ISON just before perihelion 28.11.13, image from NASA SOHO satellite.
ISON then whipped out of view behind the sun for a short time, and observers held their breath. By the time it reached its closest point to the sun, at less than a million miles, ISON was being heated to 4000K and was travelling at 800,000 mph - 0.11% of the speed of light.

ISON was travelling so fast, it was undergoing relativistic effects. Time was running slower for the comet!

Clearly subject to such temperatures and forces, it was never a given that the comet's one mile or so nucleus would survive. Initially, it seemed that nothing had survived, but then this SOHO picture gave hope.

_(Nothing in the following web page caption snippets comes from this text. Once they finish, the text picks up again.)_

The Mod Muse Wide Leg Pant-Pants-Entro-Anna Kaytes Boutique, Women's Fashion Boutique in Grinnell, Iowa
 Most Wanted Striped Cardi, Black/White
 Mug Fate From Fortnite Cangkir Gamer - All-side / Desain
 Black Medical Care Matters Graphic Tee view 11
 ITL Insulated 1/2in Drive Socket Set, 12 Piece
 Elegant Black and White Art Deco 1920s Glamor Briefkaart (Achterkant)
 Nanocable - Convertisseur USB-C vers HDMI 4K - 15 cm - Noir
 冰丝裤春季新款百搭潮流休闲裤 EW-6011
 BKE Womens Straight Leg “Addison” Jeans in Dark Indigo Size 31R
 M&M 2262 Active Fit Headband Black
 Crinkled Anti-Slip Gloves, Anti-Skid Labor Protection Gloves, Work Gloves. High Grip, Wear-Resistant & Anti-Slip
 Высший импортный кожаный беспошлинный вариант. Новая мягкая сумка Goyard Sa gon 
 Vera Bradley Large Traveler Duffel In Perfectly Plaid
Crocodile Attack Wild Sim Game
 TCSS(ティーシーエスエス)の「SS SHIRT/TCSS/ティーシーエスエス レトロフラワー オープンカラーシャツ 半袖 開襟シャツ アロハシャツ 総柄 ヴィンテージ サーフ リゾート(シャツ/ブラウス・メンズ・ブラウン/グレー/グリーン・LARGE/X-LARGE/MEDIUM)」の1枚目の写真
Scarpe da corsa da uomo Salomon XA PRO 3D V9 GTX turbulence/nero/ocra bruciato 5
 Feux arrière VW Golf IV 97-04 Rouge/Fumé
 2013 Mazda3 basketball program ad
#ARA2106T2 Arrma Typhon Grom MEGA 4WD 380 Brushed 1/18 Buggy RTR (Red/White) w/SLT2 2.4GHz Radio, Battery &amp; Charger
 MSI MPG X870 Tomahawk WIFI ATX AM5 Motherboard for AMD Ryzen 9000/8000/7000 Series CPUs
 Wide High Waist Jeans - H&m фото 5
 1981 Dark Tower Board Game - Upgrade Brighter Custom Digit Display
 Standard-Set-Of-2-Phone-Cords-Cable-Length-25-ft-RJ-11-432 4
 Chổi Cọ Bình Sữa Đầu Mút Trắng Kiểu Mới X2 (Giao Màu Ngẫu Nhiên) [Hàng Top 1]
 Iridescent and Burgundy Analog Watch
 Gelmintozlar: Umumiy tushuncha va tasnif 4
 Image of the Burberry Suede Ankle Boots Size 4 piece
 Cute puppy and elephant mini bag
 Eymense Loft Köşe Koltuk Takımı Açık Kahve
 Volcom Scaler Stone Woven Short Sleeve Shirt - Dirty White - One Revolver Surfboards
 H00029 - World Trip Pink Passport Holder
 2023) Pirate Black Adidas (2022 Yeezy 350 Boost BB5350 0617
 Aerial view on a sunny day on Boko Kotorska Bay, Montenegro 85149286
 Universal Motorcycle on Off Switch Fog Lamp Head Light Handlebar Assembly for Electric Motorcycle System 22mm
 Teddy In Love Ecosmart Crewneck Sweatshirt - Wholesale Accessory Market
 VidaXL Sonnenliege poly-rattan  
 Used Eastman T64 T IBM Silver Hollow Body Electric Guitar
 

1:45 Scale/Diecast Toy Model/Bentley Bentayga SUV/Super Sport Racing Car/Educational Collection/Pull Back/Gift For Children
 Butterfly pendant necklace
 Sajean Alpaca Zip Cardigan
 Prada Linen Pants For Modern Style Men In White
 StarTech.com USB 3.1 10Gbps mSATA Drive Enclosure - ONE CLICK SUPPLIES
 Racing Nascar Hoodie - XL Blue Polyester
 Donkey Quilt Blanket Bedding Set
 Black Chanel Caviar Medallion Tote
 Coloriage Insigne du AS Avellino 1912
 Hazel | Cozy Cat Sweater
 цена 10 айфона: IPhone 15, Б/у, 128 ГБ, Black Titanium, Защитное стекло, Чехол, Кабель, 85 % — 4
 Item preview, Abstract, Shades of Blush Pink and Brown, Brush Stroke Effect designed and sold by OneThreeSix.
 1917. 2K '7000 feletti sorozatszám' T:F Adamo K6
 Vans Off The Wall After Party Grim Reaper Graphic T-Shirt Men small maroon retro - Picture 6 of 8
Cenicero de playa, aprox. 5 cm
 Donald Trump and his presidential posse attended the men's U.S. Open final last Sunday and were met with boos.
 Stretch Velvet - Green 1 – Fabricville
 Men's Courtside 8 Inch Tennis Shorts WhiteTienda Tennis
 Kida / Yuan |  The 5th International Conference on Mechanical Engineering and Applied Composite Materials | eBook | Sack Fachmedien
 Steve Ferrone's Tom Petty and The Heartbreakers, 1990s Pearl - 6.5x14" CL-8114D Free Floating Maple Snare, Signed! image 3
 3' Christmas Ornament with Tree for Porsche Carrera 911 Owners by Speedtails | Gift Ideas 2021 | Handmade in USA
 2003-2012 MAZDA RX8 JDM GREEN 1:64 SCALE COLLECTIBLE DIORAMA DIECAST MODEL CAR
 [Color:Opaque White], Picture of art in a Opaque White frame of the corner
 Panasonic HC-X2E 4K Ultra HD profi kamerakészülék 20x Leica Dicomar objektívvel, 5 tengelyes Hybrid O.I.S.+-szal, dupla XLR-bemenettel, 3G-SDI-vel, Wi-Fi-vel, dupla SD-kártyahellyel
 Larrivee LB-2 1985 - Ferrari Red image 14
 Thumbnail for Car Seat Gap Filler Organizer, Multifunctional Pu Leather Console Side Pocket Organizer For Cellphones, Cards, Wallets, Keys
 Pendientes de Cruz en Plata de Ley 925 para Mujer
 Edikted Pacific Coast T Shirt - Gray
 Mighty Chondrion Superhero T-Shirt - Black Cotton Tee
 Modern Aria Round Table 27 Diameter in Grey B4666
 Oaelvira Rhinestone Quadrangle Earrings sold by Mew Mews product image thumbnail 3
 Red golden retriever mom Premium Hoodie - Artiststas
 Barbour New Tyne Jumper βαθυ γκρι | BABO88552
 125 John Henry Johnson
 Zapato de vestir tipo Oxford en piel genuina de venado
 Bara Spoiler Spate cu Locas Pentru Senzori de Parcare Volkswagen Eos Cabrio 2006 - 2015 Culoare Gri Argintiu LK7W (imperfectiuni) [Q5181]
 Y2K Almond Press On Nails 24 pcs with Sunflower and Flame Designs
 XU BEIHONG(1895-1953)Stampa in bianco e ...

Had Comet ISON (at 11 o'clock) survived?
Something had clearly made it around perihelion, but what?

Hopes were high that some, or perhaps even all, of ISON's nucleus had survived, but then sadly, it became apparent that the image captured above was just a remnant of gas and dust from the comet's tail, with no solid nucleus present. Over the next two days, it gradually smeared out, and disappeared to nothing.

It may be that the comet springs one last surprise on us; the debris around its orbit may give us a new meteor shower when the earth crosses ISON's orbital path early next year. But this is unknown at present.

Comet ISON may be dead, and I may be sad to never have seen it. But the study of this comet, and the interest it generated, was unprecedented, and that is Comet ISON's legacy.

Now get your binoculars out, and look for Comet Lovejoy!